For years we have been told to avoid dietary fats at all costs. They are the leading cause of heart disease and so many other ailments it would take years to talk about all the dangers which have been attributed to fat intake. The witch hunt seems to have taken hold in the 1980s and since then has become a multi-billion-dollar industry in which many have grown very fat pockets while Americans have been deprived of some fats which can actually be good for you.
So, in answer to the question, “Is there any such thing as a healthy fat in your diet,” the answer is yes. Even so, it isn’t quite that simple. You first need to understand the difference between the three basic kinds of fats and how to avoid the three groups which medical science has proven are not good for you.
A Look at the Three Groups of Fats to Be Concerned With
According to information published by Harvard, there are three groups of fats which are mostly to be avoided. The bad fats are called trans fats which is nothing more than a process whereby healthy oils are turned into solid form. (More about healthier fats in a minute.) These are hydrogen heavy fats and you will find them labeled as “partially hydronated oil.” If you see this, don’t buy the product!
Then there are those fats which are what Harvard classifies as “in-between” fats and these are the saturated fats commonly used in the American diet. Common sources of saturated fats are whole milk and dairy products, red meats and coconut oil. Saturated fats are bad for you because they can drive bad (LDL) cholesterol limits through the roof.
Finally, we have the good stuff, or rather, not so bad stuff. Monosaturated fats would include olive oil and have fewer hydrogen atoms which make them easier to digest and also remain liquid at room temperature Good sources of these fats include peanut oil, olive oil, canola oil, nuts, avocados, safflower oil and sunflower oil.
But, What About Fish Oil?
Here we have a conundrum. Fish seems to be ‘almost’ in a world of its own. While it is a polyunsaturated fat by which many food industries claim health benefits, is it really good for you? Harvard says yes it is! It can help to reduce LDL, the bad stuff, in your blood, thereby reducing arterial buildup of plaque. Harvard warns against believing that fish oil which includes the omega 3 complex can cure disease.

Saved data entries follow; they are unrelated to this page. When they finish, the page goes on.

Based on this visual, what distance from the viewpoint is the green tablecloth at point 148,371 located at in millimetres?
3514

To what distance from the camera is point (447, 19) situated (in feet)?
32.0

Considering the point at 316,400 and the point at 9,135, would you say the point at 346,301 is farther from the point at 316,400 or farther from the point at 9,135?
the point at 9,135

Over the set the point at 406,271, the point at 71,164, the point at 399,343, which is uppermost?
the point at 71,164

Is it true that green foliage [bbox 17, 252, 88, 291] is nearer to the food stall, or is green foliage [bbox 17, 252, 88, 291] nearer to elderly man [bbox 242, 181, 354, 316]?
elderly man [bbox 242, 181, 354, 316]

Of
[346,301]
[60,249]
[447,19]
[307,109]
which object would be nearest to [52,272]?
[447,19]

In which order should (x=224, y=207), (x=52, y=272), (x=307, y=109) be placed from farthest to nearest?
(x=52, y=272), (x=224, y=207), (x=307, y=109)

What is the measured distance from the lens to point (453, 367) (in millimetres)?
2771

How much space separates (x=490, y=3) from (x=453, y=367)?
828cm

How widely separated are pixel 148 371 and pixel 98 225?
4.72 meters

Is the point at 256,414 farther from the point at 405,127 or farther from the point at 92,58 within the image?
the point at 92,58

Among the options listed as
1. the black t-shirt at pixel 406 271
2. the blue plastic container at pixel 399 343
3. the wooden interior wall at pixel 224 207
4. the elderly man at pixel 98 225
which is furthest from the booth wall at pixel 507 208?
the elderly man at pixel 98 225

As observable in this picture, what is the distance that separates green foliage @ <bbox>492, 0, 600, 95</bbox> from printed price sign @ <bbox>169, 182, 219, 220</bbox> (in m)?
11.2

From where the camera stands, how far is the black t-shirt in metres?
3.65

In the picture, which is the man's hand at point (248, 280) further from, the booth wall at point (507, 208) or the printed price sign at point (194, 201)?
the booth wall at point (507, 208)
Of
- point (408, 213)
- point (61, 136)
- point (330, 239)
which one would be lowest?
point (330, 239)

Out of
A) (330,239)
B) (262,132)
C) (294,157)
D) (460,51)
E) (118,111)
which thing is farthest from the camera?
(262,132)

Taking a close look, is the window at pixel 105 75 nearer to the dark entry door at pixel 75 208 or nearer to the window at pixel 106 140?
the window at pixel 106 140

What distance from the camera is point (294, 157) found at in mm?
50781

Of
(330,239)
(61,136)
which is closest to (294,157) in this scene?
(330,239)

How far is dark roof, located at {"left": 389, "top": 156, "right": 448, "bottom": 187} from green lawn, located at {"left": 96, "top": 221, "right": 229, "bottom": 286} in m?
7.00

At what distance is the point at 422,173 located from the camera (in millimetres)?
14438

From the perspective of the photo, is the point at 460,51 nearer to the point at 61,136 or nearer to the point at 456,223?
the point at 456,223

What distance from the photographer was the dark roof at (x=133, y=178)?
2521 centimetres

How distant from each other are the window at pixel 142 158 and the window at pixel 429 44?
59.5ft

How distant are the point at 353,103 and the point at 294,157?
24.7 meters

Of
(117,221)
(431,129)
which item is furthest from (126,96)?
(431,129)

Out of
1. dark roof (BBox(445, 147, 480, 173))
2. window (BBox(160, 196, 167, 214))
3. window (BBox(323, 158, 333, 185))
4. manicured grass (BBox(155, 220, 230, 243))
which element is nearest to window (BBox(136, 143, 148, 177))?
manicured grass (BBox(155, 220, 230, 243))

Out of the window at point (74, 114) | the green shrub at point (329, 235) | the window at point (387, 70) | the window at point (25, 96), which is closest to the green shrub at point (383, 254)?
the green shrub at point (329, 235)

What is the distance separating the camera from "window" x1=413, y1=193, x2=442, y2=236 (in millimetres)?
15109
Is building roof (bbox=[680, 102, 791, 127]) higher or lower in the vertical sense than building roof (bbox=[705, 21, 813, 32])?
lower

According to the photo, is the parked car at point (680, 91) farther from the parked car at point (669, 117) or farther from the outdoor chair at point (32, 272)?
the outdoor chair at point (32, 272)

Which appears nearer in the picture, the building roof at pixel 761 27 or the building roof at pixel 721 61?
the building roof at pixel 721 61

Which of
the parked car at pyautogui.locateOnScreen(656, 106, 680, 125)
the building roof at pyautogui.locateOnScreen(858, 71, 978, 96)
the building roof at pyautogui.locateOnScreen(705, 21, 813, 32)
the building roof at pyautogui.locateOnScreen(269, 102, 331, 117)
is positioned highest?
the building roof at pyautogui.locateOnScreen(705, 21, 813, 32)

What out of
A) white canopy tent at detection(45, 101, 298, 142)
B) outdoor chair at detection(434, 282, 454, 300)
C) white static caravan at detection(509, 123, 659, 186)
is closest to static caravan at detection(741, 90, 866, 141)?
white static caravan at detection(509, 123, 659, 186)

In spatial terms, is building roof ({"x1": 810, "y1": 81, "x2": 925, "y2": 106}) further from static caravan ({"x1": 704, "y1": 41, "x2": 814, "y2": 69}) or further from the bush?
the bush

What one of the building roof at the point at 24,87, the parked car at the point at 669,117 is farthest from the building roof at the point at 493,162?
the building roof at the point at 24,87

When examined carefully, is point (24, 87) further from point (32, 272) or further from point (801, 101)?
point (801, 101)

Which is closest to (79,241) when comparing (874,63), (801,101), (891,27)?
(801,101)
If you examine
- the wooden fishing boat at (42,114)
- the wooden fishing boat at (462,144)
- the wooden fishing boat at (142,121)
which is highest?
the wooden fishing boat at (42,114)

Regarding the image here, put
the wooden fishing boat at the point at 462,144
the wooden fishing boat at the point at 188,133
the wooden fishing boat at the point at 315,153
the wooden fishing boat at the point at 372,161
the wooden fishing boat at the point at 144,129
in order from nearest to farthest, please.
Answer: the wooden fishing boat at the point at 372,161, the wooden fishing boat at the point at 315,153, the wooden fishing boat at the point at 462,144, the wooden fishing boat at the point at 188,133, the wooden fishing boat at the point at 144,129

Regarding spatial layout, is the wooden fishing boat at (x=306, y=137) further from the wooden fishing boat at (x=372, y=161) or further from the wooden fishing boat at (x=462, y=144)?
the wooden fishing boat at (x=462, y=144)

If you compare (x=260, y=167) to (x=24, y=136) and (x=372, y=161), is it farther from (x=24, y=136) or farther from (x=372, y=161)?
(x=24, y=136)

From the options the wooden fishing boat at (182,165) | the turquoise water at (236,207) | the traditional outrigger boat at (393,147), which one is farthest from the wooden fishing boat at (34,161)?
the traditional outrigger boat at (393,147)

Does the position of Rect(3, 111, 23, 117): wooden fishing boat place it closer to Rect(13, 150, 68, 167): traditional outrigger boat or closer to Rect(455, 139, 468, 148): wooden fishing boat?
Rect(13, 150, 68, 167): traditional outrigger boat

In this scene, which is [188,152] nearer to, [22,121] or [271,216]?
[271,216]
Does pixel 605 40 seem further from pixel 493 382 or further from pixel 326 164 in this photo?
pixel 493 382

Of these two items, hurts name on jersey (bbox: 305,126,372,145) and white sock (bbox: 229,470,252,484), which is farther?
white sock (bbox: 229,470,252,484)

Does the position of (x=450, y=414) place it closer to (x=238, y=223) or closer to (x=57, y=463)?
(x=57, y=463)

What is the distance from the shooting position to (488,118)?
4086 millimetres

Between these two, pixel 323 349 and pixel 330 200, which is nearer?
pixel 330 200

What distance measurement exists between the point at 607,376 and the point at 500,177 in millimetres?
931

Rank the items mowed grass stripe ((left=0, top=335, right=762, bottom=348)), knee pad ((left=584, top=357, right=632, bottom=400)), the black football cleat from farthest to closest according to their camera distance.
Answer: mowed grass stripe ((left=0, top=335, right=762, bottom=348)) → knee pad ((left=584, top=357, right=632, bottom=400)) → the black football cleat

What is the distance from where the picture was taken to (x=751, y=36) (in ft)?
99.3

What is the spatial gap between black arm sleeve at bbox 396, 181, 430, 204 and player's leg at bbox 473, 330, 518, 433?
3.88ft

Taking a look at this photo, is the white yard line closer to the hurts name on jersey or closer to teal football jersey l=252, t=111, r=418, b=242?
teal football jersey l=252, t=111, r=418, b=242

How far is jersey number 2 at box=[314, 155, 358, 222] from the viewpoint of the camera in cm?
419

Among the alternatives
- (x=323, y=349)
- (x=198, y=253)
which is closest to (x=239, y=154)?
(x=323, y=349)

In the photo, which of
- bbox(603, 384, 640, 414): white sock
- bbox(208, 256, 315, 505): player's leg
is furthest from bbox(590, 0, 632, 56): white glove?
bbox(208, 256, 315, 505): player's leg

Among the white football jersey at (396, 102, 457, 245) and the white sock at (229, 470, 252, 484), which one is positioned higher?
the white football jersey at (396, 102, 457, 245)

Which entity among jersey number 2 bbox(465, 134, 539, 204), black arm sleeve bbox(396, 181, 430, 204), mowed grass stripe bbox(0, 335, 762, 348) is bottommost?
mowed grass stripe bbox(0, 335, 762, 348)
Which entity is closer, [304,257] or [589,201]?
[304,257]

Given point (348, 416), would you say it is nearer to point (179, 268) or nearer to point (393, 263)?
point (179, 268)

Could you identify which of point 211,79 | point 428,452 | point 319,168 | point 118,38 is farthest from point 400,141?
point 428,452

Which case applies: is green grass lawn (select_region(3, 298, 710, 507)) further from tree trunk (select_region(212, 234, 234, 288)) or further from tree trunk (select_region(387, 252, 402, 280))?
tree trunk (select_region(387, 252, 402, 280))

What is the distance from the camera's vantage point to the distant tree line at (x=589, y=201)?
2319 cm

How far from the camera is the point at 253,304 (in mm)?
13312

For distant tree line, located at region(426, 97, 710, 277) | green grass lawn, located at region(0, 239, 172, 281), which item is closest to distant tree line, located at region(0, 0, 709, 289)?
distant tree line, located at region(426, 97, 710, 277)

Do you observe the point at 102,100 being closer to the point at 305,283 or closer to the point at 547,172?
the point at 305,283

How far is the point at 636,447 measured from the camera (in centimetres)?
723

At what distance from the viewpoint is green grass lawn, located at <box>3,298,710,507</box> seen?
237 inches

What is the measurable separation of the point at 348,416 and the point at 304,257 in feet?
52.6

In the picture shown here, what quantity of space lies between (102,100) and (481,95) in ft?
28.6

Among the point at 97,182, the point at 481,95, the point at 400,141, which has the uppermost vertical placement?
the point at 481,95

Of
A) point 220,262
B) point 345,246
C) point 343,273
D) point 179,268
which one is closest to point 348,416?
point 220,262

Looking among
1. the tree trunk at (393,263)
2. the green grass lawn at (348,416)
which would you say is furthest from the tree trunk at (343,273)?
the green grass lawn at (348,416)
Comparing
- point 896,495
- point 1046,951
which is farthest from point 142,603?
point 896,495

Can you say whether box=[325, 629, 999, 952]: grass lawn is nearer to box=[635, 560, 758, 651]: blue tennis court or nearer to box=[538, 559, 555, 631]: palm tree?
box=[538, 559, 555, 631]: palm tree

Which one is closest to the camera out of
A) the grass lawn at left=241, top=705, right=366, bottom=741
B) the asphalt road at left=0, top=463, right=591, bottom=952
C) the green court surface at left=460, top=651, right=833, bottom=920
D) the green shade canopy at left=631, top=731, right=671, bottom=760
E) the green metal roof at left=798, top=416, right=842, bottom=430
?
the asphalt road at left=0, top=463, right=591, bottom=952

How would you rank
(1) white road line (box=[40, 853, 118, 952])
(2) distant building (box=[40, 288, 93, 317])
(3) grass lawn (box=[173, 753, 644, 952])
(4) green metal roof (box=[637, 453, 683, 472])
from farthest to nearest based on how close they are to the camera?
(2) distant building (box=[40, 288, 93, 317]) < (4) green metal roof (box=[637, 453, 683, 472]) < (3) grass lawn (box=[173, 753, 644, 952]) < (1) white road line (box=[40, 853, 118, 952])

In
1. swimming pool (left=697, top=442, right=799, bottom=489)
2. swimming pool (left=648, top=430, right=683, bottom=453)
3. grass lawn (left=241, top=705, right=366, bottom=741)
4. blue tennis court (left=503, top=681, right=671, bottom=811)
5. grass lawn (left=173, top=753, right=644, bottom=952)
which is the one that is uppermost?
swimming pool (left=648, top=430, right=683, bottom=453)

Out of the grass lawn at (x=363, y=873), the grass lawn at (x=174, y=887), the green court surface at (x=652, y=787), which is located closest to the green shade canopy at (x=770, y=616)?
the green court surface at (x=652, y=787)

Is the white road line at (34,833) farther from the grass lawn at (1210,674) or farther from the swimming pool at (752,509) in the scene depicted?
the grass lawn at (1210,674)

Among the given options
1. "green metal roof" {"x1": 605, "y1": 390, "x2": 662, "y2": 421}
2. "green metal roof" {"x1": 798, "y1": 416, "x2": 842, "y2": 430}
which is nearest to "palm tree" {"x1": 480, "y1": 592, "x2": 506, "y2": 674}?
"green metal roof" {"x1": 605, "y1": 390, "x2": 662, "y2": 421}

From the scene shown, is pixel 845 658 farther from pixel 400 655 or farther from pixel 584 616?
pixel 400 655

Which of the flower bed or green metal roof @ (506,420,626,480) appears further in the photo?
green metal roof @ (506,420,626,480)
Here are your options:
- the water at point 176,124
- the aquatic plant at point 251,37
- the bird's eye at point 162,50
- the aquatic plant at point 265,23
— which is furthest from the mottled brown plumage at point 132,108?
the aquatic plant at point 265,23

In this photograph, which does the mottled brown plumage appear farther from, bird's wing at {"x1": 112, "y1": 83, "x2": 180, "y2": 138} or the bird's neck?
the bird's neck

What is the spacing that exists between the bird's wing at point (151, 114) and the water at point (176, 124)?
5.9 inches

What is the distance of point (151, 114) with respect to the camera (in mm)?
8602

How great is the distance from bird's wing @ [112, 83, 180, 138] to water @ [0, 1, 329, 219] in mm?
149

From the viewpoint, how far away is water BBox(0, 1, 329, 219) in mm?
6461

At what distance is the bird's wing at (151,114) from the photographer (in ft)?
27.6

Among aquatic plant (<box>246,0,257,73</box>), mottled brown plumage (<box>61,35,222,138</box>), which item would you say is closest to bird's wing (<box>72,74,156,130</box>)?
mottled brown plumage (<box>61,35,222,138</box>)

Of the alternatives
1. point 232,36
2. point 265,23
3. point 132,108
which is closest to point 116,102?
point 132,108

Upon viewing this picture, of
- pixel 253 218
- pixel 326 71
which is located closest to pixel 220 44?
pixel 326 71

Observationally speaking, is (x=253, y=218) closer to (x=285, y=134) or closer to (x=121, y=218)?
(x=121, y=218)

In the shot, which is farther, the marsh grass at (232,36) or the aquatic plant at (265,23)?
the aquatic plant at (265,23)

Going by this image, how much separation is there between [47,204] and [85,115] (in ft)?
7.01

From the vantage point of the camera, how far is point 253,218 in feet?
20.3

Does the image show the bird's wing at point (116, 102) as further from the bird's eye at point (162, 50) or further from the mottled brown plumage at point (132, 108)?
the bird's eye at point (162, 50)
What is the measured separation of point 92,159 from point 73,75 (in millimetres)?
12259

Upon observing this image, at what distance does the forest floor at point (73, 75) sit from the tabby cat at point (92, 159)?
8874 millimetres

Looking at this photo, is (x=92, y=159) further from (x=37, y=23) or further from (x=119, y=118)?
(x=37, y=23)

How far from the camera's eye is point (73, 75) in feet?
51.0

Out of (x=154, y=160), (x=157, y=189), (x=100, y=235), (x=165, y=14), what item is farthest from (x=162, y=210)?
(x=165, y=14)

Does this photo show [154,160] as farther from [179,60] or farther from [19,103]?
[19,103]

What they do state is that there are known benefits that can relieve muscle soreness and other types of ailments brought on by inflammation. If you aren’t partial to fish, you can take omega 3 supplements which contain the fish oil without the taste of fish. It’s much like taking garlic capsules to avoid walking around smelling like a plate of scampi.
The bottom line is to understand the difference between the good, the bad and the ugly. If you can’t eat foods rich in healthy fats, supplements are available. In either case, nothing will do much good if you continue to eat the bad or in-between stuff. Your health is in your hands when it comes to fat consumption, so always choose wisely.